A teaching assistant who won a £16,000 payout after being sacked over claims she used the F-word today said the victory was a hollow one as she had lost the job she loved.
Mother-of-two Paula Williams represented herself when she took Staffordshire County Council and the school that dismissed her to an employment tribunal claiming unfair dismissal – and won.
The 45-year-old said: “I know nothing about the law but I know about the truth. It was make or break for me but I had to have my say and thank goodness I did. It was daunting picking up and running with my case after my union refused to take it any further but I had right on my side.”

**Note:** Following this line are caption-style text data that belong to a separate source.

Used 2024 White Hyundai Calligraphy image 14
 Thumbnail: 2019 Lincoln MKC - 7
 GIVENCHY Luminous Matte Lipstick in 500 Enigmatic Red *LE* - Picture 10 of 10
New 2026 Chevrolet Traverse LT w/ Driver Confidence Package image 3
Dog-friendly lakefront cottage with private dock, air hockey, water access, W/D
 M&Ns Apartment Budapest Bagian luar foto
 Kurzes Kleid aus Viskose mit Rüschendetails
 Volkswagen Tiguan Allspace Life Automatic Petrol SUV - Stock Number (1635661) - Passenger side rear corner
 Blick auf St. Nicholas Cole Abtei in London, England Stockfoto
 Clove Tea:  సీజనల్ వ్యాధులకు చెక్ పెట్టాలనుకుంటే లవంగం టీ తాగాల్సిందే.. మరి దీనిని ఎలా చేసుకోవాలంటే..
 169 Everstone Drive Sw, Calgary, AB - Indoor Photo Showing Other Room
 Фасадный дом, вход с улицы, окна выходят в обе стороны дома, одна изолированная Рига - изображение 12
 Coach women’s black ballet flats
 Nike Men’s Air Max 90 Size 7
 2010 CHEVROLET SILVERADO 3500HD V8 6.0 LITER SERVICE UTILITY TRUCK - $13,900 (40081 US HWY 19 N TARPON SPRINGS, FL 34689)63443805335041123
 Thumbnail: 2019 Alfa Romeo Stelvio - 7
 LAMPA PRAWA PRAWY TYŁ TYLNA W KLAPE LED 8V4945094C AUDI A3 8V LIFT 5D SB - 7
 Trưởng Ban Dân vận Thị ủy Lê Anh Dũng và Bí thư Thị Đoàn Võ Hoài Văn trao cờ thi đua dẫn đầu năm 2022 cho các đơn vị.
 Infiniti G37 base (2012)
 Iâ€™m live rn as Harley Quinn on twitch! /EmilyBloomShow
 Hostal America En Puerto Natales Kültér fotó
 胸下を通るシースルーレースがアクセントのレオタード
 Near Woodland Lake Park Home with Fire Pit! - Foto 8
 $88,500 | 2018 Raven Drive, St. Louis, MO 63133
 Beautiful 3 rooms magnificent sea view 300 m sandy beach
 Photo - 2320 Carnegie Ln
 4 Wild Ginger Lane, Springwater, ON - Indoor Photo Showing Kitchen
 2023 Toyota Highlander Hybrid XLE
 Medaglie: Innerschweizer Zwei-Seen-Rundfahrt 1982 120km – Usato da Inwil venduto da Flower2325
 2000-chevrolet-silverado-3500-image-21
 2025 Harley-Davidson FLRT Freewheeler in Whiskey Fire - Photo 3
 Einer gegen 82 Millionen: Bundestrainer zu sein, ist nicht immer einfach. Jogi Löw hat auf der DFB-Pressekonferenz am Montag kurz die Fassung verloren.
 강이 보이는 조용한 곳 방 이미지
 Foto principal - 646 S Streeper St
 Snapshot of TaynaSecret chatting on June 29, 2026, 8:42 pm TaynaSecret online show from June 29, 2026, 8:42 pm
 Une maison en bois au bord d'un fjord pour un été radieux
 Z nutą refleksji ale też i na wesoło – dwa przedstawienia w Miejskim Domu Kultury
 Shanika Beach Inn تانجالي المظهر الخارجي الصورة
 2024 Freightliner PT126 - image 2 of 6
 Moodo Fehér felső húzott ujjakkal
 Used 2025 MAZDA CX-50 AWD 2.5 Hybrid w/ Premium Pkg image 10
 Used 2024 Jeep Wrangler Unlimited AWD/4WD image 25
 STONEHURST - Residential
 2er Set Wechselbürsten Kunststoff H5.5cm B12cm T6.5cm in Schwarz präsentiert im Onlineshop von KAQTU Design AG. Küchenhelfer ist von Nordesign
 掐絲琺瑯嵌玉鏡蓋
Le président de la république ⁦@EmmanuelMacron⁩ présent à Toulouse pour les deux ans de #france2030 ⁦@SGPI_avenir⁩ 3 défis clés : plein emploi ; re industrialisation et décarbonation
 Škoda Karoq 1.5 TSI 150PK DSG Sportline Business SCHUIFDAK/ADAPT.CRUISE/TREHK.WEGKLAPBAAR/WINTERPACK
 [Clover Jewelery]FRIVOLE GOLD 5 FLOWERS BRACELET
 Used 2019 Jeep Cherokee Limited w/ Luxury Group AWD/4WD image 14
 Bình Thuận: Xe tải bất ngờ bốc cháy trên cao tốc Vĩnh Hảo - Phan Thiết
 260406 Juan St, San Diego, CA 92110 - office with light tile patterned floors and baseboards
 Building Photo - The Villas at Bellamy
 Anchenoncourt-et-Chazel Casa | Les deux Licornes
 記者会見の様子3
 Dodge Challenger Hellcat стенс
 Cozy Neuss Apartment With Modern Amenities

Miss Williams, who will not be reinstated at Bridgtown Primary School in Cannock, added: “I can walk away with my head held high but it was a hollow victory because I lost the job I loved. That school had been my life for 20 years, first as a parent, then a voluntary worker and finally as a teaching assistant for the last 12 years. I would arrive early and leave late. Nothing was too much trouble for me. I did the costumes for stage performances, helped out at fetes and after school clubs.
“I would probably have been there until the day I died if this had not happened. I loved the work and I miss it terribly, especially the kids. I think of them having a good time at their proms and discos. I even missed the school centenary.”
Miss Williams, who lives with her partner of 26-years Peter Paggett in Foster Avenue, Hednesford, was called to a disciplinary hearing in October 2011 after a teacher claimed that she had used the F-word in the playground, although that person admitted it was out of the earshot of children. She denied the allegation.
Further claims were then made about ‘inappropriate’ images on Facebook of her dressed as a St Trinian’s Girl at a private birthday party and others at an office Christmas party.
Tribunal chairman David Ansti concluded the school failed to give her adequate guidelines on what language to use at work and failed to verify the allegations. He added that no computer policy had been breached.
Miss Williams, who is currently working as a volunteer with play rangers and a Chadsmoor childrens centre, concluded: “The money is irrelevant. This was about my reputation and now I can draw a line under it and get on with the rest of my life.” She added: “The only problem now is that my friends keep asking me for legal advice.”